A figura impressa no Santo Sudário revela um homem branco com 1,80 metros e cerca de 80 quilos, rosto anguloso e longos cabelos repartidos ao meio terminando nas costas, aparentando ter bigode e barba curta dividida. Durante séculos a imagem do Santo Sudário foi posta em dúvida como possível falsificação, convindo lembrar, entretanto, que esta imagem bastante realista e perfeita do ponto de vista anatômico, e que analisada em computador gera figura tridimensional pelas áreas de contato entre a mortalha e o corpo, é bastante diversa daquela concepção artística do século XIII, em que teria sido falsificada e descoberta. A noção de anatomia de Giotto no século XIII, por exemplo, é completamente distinta de Leonardo da Vinci no século XV, quando realmente os detalhes da anatomia humana passam a ser estudados.
E é isso que fascina nas imagens artísticas de Cristo em certa época, do Cristo Pantocrator de um ícone russo do século VI dentro da tradição bizantina de pintura, até a imagem criada pelo pintor José Clemente Orozco no século XX, conhecido como o Goya mexicano por sua crítica social, um dos grandes muralistas deste século pela força expressiva, e que propõe Cristo como um revolucionário e libertador da opressão.
As imagens de Cristo remetem diretamente ao reflexo do momento histórico em que surgiram, Fra Angelico em 1433 pinta a Madona com o Menino Jesus para a igreja e convento de S. Mateus em Florença, como a personificação do poder e da lei, a majestade entre dois mundos, o terreno e o espiritual. Já Hans Memling em 1487, encerra a tradição flamenga da pintura gótica, com Cristo Salvador numa atitude mística e ascética, o equilíbrio entre a nobreza e a doçura, a tristeza resignada e o caráter misterioso da cidade de Brugge, onde produziu algumas de suas obras primas, as primeiras pinturas a óleo contemporâneas dos Van Eyck.
Quão diversa é a imagem de Jesus flagelado, o “Jesus na coluna”, pintado por Antonello da Messina no século XV italiano, em que os detalhes, a luz e a composição transparecem a grandiosidade dos pintores venezianos, imprimindo grandiosidade ao sofrimento humano do Messias.

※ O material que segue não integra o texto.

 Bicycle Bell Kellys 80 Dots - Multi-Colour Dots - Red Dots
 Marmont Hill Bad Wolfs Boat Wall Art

Que artista encarna melhor o espírito da Renascença que Leonardo da Vinci, artista, pesquisador, escritor, cientista? Renascença é a descoberta do mundo pelo homem, de acordo com Jacob Burckhardt, o maior historiador e pesquisador do período, e o próprio conceito surge através dos ensinamentos de Jesus: “quem nasceu do alto (Renatus) não pode ver o reino de Deus”.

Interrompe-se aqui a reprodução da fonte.